When array data from XRD measurements is added to the archives, the loading time increases as the archives become heavier (especially in the case of RSM which stores multiple 2D arrays). One solution is to use an auxiliary file to offload the heavy data and only save references to the auxiliary files in the archives.

To implement, we can use .h5 files to store the data and make references to the offloaded datasets using HDF5Reference. Additionally, we can also generate a nexus .nx file instead of .h5 file. Nexus file uses the .h5 file as the base file type and validates the data with the data models built by the Nexus community.

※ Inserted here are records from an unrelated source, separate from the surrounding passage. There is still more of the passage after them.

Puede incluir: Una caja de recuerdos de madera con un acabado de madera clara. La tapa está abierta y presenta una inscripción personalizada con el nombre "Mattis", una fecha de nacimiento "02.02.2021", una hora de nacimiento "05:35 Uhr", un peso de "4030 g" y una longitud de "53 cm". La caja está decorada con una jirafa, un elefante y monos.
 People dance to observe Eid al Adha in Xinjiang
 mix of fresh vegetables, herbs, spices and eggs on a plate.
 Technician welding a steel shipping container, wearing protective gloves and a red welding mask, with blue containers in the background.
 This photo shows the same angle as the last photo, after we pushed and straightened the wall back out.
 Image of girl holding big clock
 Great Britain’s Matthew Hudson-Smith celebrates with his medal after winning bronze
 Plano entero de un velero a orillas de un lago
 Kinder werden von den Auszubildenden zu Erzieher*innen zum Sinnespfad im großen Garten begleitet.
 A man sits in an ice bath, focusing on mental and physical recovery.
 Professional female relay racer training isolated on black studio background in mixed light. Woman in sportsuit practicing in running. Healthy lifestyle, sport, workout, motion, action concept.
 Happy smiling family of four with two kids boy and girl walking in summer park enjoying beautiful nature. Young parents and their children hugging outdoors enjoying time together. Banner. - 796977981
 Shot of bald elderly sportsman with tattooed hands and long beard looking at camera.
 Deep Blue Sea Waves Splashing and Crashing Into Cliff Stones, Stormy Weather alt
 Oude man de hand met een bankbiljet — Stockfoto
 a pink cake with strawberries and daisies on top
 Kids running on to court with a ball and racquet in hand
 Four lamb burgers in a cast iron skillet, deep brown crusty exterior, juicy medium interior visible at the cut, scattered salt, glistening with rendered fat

The current plots are generated using Plotly. The .json files containing the plot data is also being stored in the archive. This also needs to be offloaded to make the archives lighter. Using H5WebAnnotations of NOMAD, we can leverage the H5Web to generate plots from the .h5 or .nx files.

To this end, the following steps are needed

  • Use HDF5Reference as the type of the Quantity for array data: intensity, two_theta, q_parallel, q_perpendicular, q_norm, omega, phi, chi.
  • Implement util class HDF5Handler or functions to create auxiliary files from the normalizers of the schema
  • Generate a .h5 to store the data and save references to its datasets in HDF5Reference quantities.
  • Generate a .nxs file based on the archive. This happens in the HDF5Handler and uses pynxtools.
  • Add annotations in auxiliary files to generate plots for H5Web viewer
  • Add back compatibility

Summary by Sourcery

Implement support for storing XRD array data in external HDF5 or Nexus files, and generate plots using H5WebAnnotations.

New Features:

  • Visualize XRD data using H5Web plots.

Tests:

  • Updated tests to accommodate changes in data handling.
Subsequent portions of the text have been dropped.